The development of highly active hydrodesulfurization (HDS) catalysts has been one of the principal issues in the petroleum industry to meet the ever increasing stringent environmental regulations.^1,2 Mo or W sulfide catalysts promoted by Co or Ni on alumina are widely used in HDS processes due to their high selectivity and activity.^3,4 It is generally believed that the active phase of Co–Mo HDS catalysts is the so-called “CoMoS” phase, in which Co atoms are located on the edge of MoS₂ particles.⁵ During the preparation the individual sulfide species like Co₉S₈ are formed, leading to a loss of promoter to the detriment of the active phase,^6,7 which prevents the promoter incorporated into the active phase and thus decreases the reactivity. A better control of the location of the promoter could be obtained by introducing the promoter metal onto MoS₂/support to get the supported promoted phase, as proposed by several research groups.^8,9

In recent years, the configuration of active phases and the promotion effect of Co/Ni on the supported or bulk Mo sulfides evoke the attention of researchers in improving HDS performance of the catalysts. Bouwens et al.^10,11 revealed that the sulfidation of MoS₂ particles decreased the interactions between MoS₂ particles and the support material, leading to the formation of type II CoMoS phase. Moreover, they found that HDS reactivity was linearly correlated to the amount of CoMoS phase.^12,13 The formation of the Co–Mo sulfide species explained the generation of strong catalytic synergies between Co and Mo. Some research groups have reported the main focuses, including the Co or Ni promoters,^14,15 their roles in modifying active nanoparticle morphologies, and the active site performance.¹⁶ Schweiger et al.¹⁷ reported that for Mo-edge fully promoted by Co at high chemical potential, Co was situated on both edges with 100% sulfur coverage while S-edge with 50% sulfur coverage and the Co atoms on the Mo-edge were energetically less favorable. Bezverkhyy et al.¹⁸ used cobalt acetylacetonate as Co precursor to promote molybdenum sulfide supported on alumina, and found that the solids could be directly used as catalyst without resulfidation. They also proved that the use of Co(NO₃)₂·6H₂O as Co source led to a weaker synergetic effect. Okamoto et al.^19,20 found that CoMoS phases were selectively formed by use of Co(CO)₃NO as a precursor in which the Mo content was fixed approximately at a monolayer loading. Gandubert et al.²¹ used X-ray photoelectron spectroscopy (XPS) in conjunction with DFT, suggesting that Co–Mo mixed sites on the Mo-edge were active for the hydrogenation of toluene, while the S-edge fully promoted by Co showed a lower activity.

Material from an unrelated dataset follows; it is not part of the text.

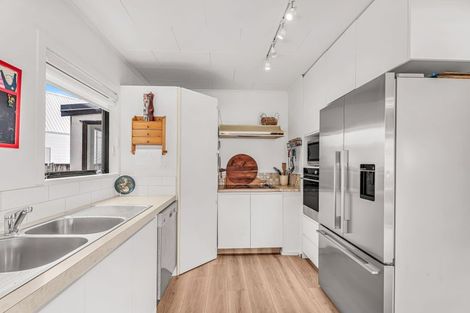 Photo of property in 1 Manaia Road, Tairua, 3508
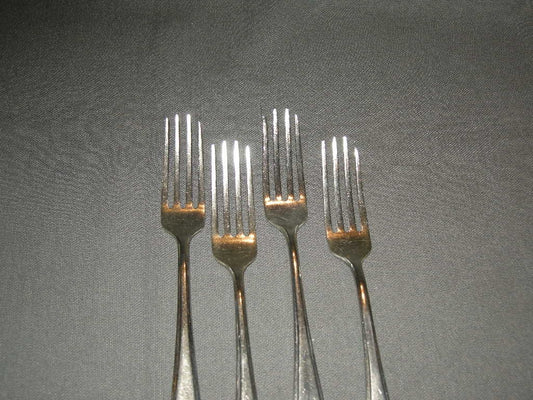 Gero verzilverd model 618 puntfilet vorken 20,5 cm. met slijtage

Many studies have shown that the hydrogenation activity of MoO₃/Al₂O₃ could be dramatically improved by the introduction of Co, and the bimetallic synergy was helpful for the generation of highly active CoMoS phase. The cobalt nitrate is generally used in the traditional CoMo catalyst. It is reported that different cobalt sources had great influence on the activities of catalysts. However, the effect of different cobalt salts on the HDS activity of catalysts was rarely reported and lack of systematic research.

In this work, firstly, δ-Al₂O₃ was used as the support material and the supported CoMo catalysts promoted by different organic and inorganic cobalt salts were synthesized by incipient-wetness impregnation method. Secondly, a series of supported CoMo catalysts for HDS were characterized by UV-vis, Raman, XRD, TPR, and XPS techniques. Finally, the effect of different organic and inorganic cobalt salts on the FCC diesel HDS activity was investigated to obtain the catalyst with the best performance.

2. Experimental

2.1 Preparation of the catalyst

The δ-Al₂O₃ was prepared by calcination of the hydrated boehmite, bought from Zhengzhou Aluminum Industry Research Institute, in air at 1173 K for 5 h with the heating rate of 2 K min⁻¹. Active metal components of Mo and Co were stepwise loaded on the δ-Al₂O₃ supports via a two-step incipient wetness method impregnated with aqueous solutions of heptamolybdate tetrahydrate ((NH₄)₆Mo₇O₂₄·4H₂O, Sinopharm Chemical Reagent, 99.0 wt%) and cobalt salts. The details of the preparation were shown as follows:

A certain amount of ammonium molybdate was dissolved in deionized water and then Al₂O₃ was added into the solution. After impregnation, the samples were dispersed by ultrasonic for 15 min, dehydrated at 110 °C for 2 h and calcinated at 550 °C for 6 h to obtain a series of Mo/supporters. Cobalt salts were introduced by incipient-wetness impregnation method according to the solubility, the details were as follows:

A certain amount of cobalt salts were dissolved in certain solvents and Mo/supporter catalyst was added in. Then the samples were dispersed by ultrasonic for 20 min, dehydrated at 110 °C for 2 h and calcinated at 550 °C for 6 h to obtain a series of CoMo supported catalysts. The obtained catalyst was squashed and broken into particles with 40–60 mesh.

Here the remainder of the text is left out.